[WORK INSTRUCTIONS]:
Copy, with no pictures, the line that contains "Buddha Stones Pure" and each line after it down to the end of the entries below, exactly.

[MATERIAL SUPPLIED]:
• • •

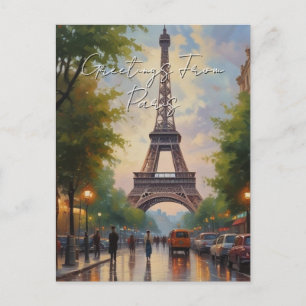Greetings From Paris Eiffel Tower European Art Holiday Postcard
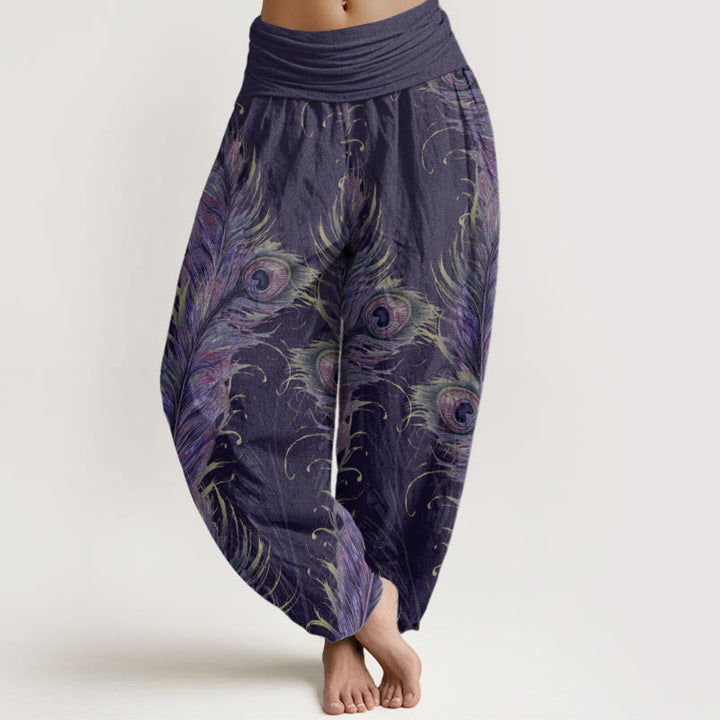 Buddha Stones Pure Cotton Bright Phoenix Pattern Women's Elastic Waist Harem Pants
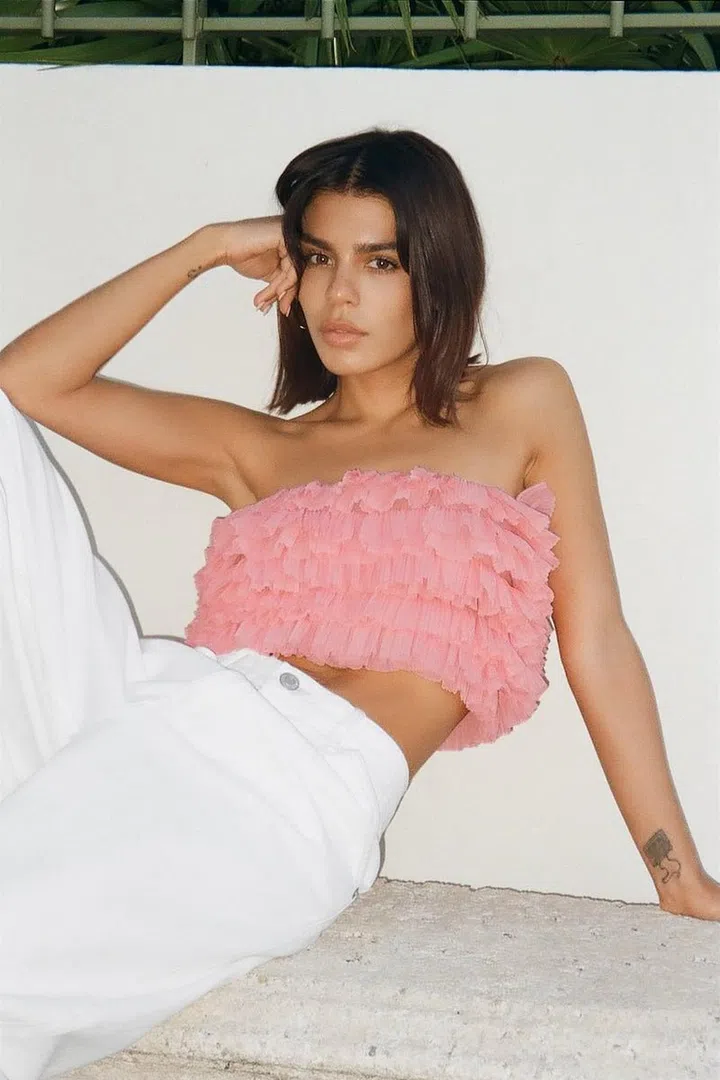 Ruffled Organza Bandeau Top, $49.90, Zara
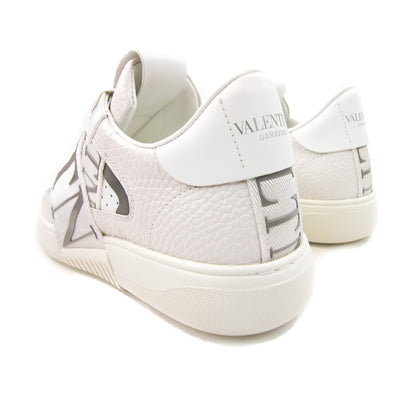 Valentino Vl7n Logo Embellished Leather Trainers Bianco/grey 22e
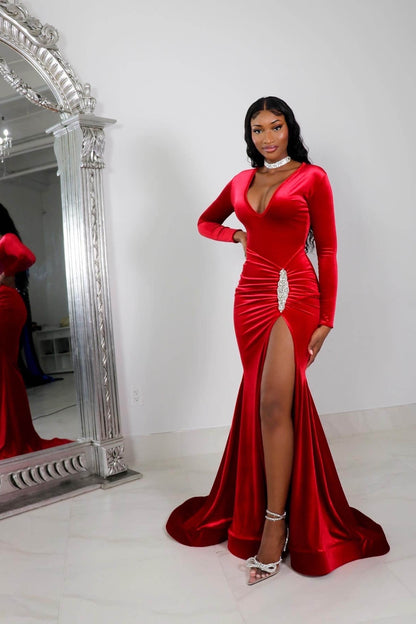 Red Prom Dress Long Sleeve Simple With High Slit Pleated YL0138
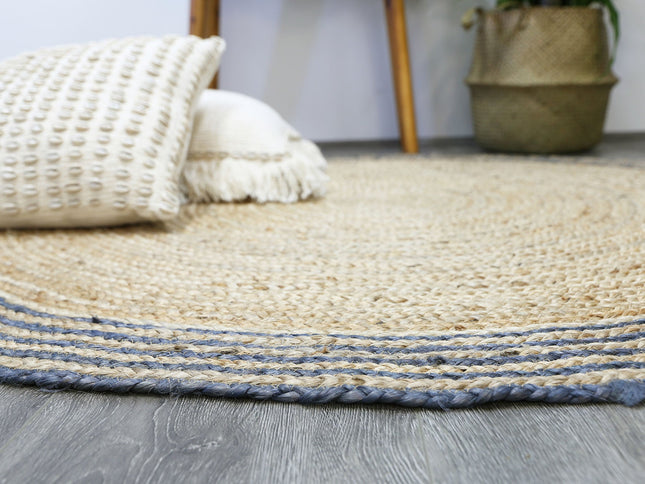 Capri Grey Natural Round Boarder Rug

• • •

[EXERCISE RESULT]:
 Buddha Stones Pure Cotton Bright Phoenix Pattern Women's Elastic Waist Harem Pants
 Ruffled Organza Bandeau Top, $49.90, Zara
 Valentino Vl7n Logo Embellished Leather Trainers Bianco/grey 22e
 Red Prom Dress Long Sleeve Simple With High Slit Pleated YL0138
 Capri Grey Natural Round Boarder Rug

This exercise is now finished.